■ Goal of the exercise
The answer should consist of every line of the material, repeated verbatim.
[Opening Data section section]
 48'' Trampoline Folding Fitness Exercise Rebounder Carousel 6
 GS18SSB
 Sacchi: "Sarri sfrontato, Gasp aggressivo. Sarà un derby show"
[Closing Data section section]
■ Solution to this task
 48'' Trampoline Folding Fitness Exercise Rebounder Carousel 6
 GS18SSB
 Sacchi: "Sarri sfrontato, Gasp aggressivo. Sarà un derby show"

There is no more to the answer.